[GOAL OF THE EXERCISE] Give back the lines of the entries below exactly as written, from the first line to the line holding "Ingredients for banana", both included, with the pictures omitted.

Start of SOURCE DATA

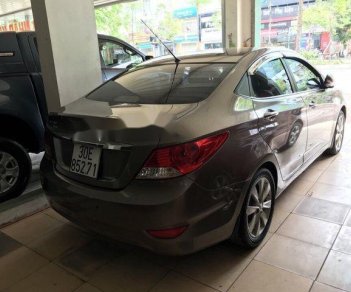 Hyundai Accent   1.4  2014 - Cần bán gấp Hyundai Accent 1.4 năm 2014, màu nâu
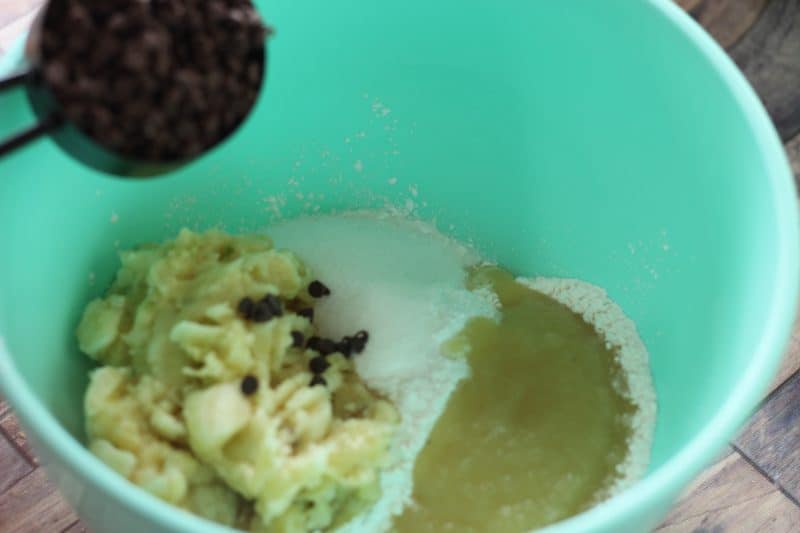 Ingredients for banana muffins with chocolate chips in a mixing bowl.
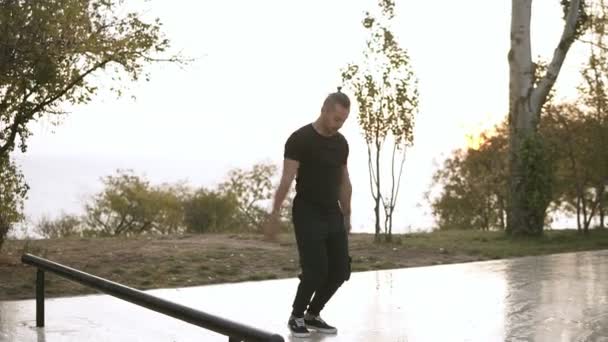 Joven en ropa deportiva negra haciendo ejercicios de estiramiento, calentando las manos. Hombre activo saltando con las manos extendidas antes del entrenamiento principal mientras está parado al aire libre en el parque. Movimiento lento — Vídeos de Stock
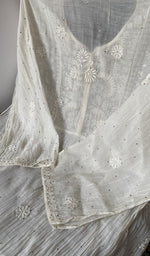 The kurti piece folded on the carpet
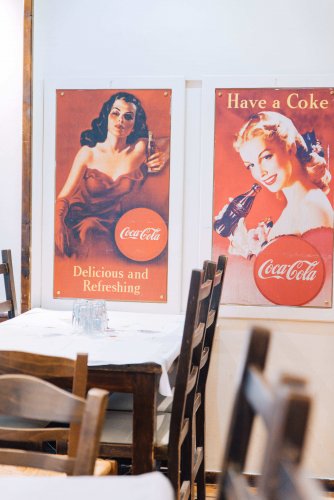 two vintage advertisements of coca-cola.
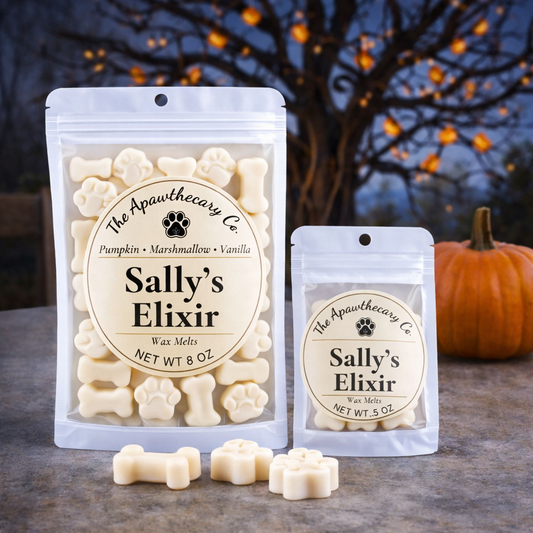 Two packages of 'Sally's Elixir' wax melts with a pumpkin and tree in the background.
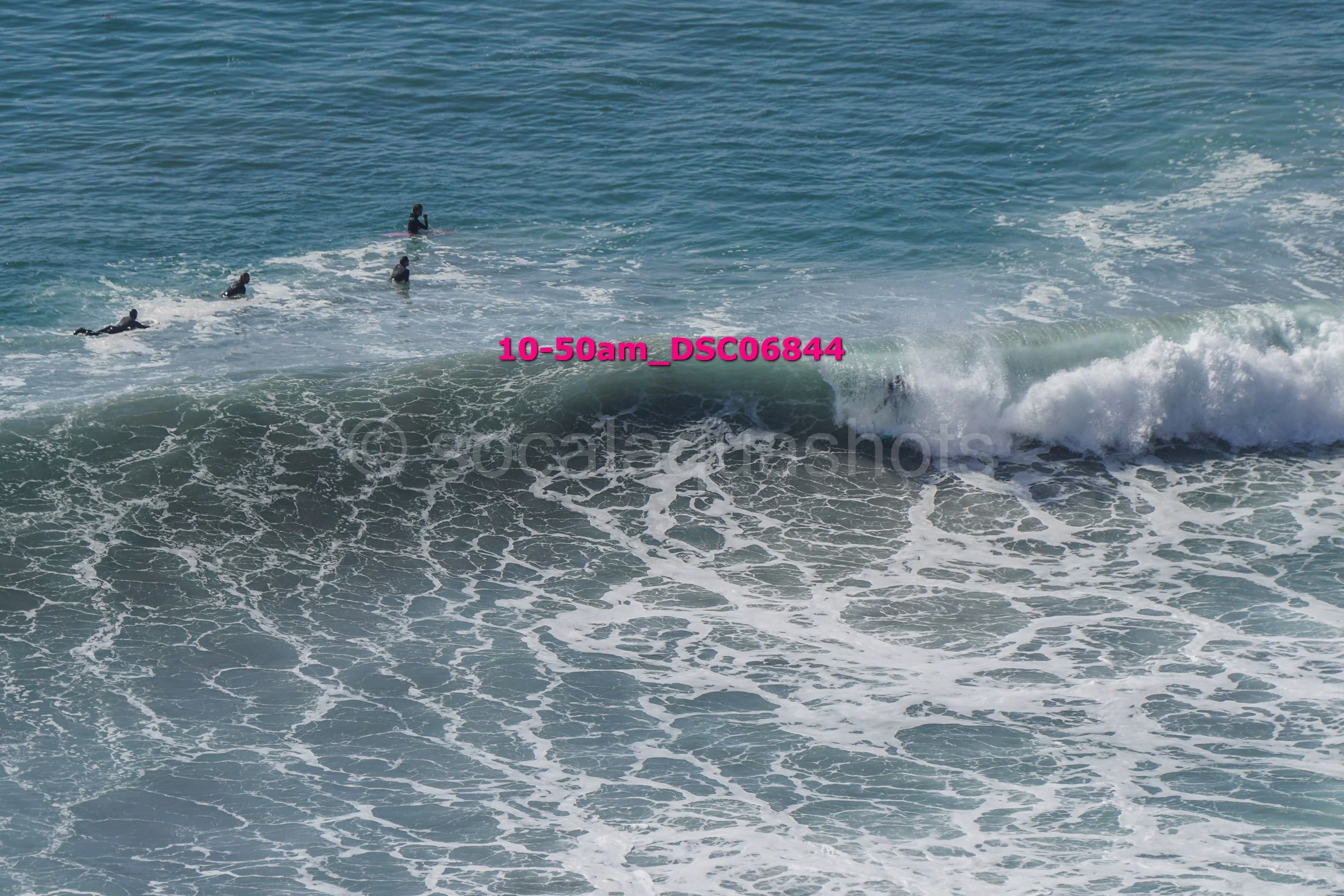 Surfers riding and waiting for waves in the ocean.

End of SOURCE DATA

[FINAL ANSWER]
 Hyundai Accent   1.4  2014 - Cần bán gấp Hyundai Accent 1.4 năm 2014, màu nâu
 Ingredients for banana muffins with chocolate chips in a mixing bowl.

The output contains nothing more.